Tarbert, Argyll, 26 December 1883 - John Macmillan

JOHN MACMILLAN, Fisherman (53)—examined.

46421. Professor Mackinnon.
—You have heard what Mr Carmichael said ?

46422. Do you agree with the representation he gave of the fishing of the place?

46423. Is there anything you wish to add yourself in the way of explanation ?
—No, not a great deal.

46424. Have you always been a fisherman yourself ?

46425. Were your people at the fishing too, or did your father have land?
—Yes, he had land.

46426. Was it on your father's land you were brought up?

46427. And you remember very well the time when the people used to fish and have crofts ?

46428. There was not so much fish caught then at Tarbert as there is now?
—No, not so much; there was no trawling at that time.

46429. The trawling has increased the amount of fish that is caught?

46430. Do you agree with Mr Carmichael that in Loch Fyne—in Tarbert at least—the fishing is quite sufficient during the season for any man to attend to ?

46431. And not to spend his time between fishing and working land?
—We have plenty to do to work at the fishing itself, only there are some people here who have crofts and attend the trawling as well.

46432. Are they able to do as much as those who give their whole time to the fishing?
—Yes.

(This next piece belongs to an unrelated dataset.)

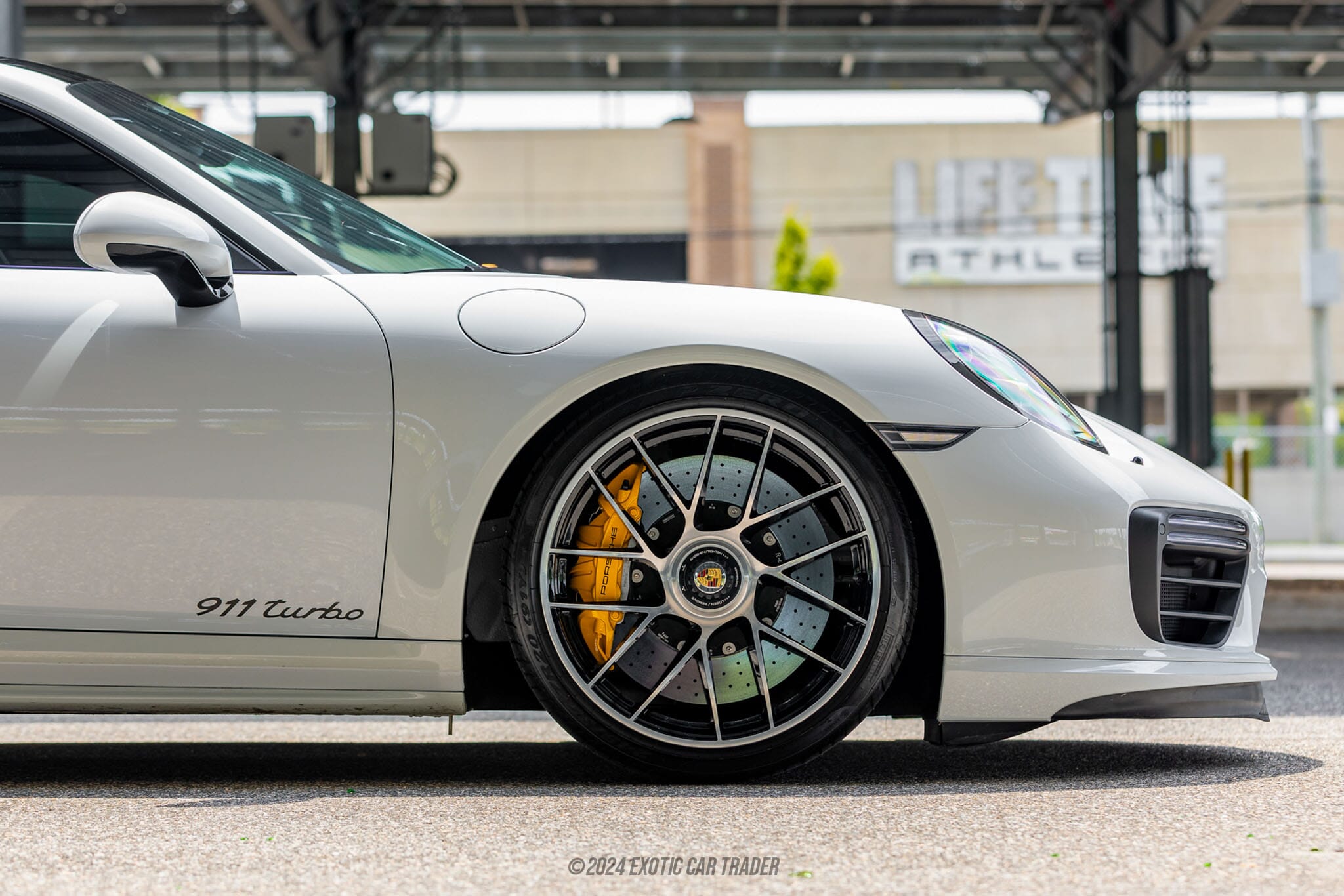 2018 Porsche 911 Turbo for sale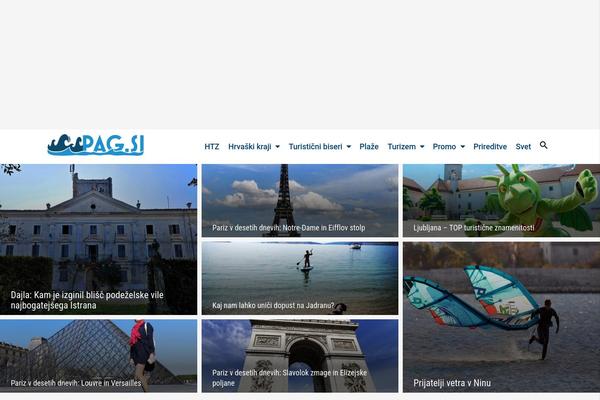 Site using Unitegallery plugin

In the case of a small croft, I do not think it would do any harm to any one. I do not think it would keep a man back in the least if it could be got at a reasonable price.

46433. But there is no croft here to be had ?
—No, there is not a great deal.

46434. And it would be only a very small bit that one could work ?
—Yes, a cow's grass, or a piece of potato ground, or the like of that

46435. Where were you brought up ?
—About two and a half miles from here on the Kiutyre side.

46436. On the Loch Fyne side or West Loch Tarbert side?
—On the West Loch Tarbert side.

46437. All the fishermen here have a share in their boats ?

46438. There is really no curer to speak of ashore; the fishermen send the fish away daily ?
—They do cure when it comes on in the year, when there are more herring coming in than they can send fresh to market. The great bulk are sent fresh to market, but there is a little cured at the end of the season.

46439. Do the fishermen pay for their boats when they get them, or do they purchase them on credit, and pay for them in so many years ?
—They very often pay them when they get them.

46440. They just club together and buy the boat?

46441. And buy a new one when the old one is done?

46442. Sheriff Nicolson.
—How long does a boat last?
—Generally about eight or nine years. They get weaker then, and need repairs.

46443. Do you sell the old ones ?

46444. Who buy them?
—Some north country people buy them, and Loch Fyne men, and so on.

46445. People who cannot afford perhaps to buy new ones so easily ?
—Yes. The boats are good enough, though they are getting a little frail.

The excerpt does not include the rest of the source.